Chickpea, BBQ cauliflower, and vegan birria tacos for a $1 each
Calle Octava #8310, Tijuana, BC
Young couple David García and Ariss Mercado started delivering vegan food via bicycle around Tijuana over a year ago. After biking around the city, they garnered enough fans via Facebook and Instagram to open a small shop called Veggies Are Us. It’s on 8th street on the corner of Madero in downtown Tijuana, and the grand opening was on March 20. They are selling out every day hours before closing time.
The shop is tiny, with just enough room to snuggly sit ten people. The open kitchen takes a third of the space. Bicyclists usually hang outside the store, as it is encouraged to arrive via bike for a 15% discount.
I saw an appetizing picture of their Mac-No-Cheese, but they were sold out. I had to settle for a bowl of chili ($3.25) and a handmade orangeade ($1). The chili was good but nothing spectacular. I didn’t think about the fact that it was vegan. The orangeade was a tad weak, but I appreciate the effort of freshly squeezed OJ.

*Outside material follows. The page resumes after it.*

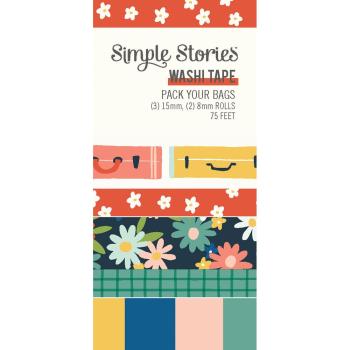 Simple Stories - Washi Tape "Pack Your Bags"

I visited the following day, and this time their menu had a tofu fish taco and a cauliflower ceviche tostada for around $1 each. They also had a hummus torta, but again it was sold out.
“Veganesa?” Ariss asked me after I ordered the tostada, and I gave her a puzzled look. “Do you want Veganesa on it?” I was taken aback by the question and simply replied that I wasn’t vegan. “No, Veganesa is vegan mayonnaise. Do you want some on the tostada?”
Both the vegan fish taco and the ceviche tostada did an amazing job at replicating a non-vegan dish. The battered tofu would have fooled me if they told me it was fish. It had some Oriental bite to it. I accompanied that meal with cucumber water. It was better than the orangeade but still a tad weak.
For the third try I opted to use their bicycle-delivery system and ordered three tacos for $1 each. It didn’t take long for cyclist delivery to arrive with three different vegan tacos wrapped in tin foil with green salsa on the side.
The soy birria was my favorite, though it doesn’t come close to the real non-vegan taco. The cauliflower barbecue I found a tad sweet, and their chickpea was just strange. Overall they were tasty, but the tortillas could be better.
I visited one more time. The last torta ($3.25) went to me, as they again sold out early. The torta was filled with the same chickpea filling that the taco had. The bread was a better complement to the flavor of the chickpeas than the tortilla.
“Our first couple of weeks, we were barely selling one to five meals a day,” David tells me. “The first six months were so slow that we were thinking about quitting, but we kept pushing it until we started selling 35 to 40 meals. That’s when we thought about opening the shop. We couldn’t keep up with the demand. I expected to sell a lot to the vegan community, but I didn’t expect all the non-vegan customers we’ve been getting.”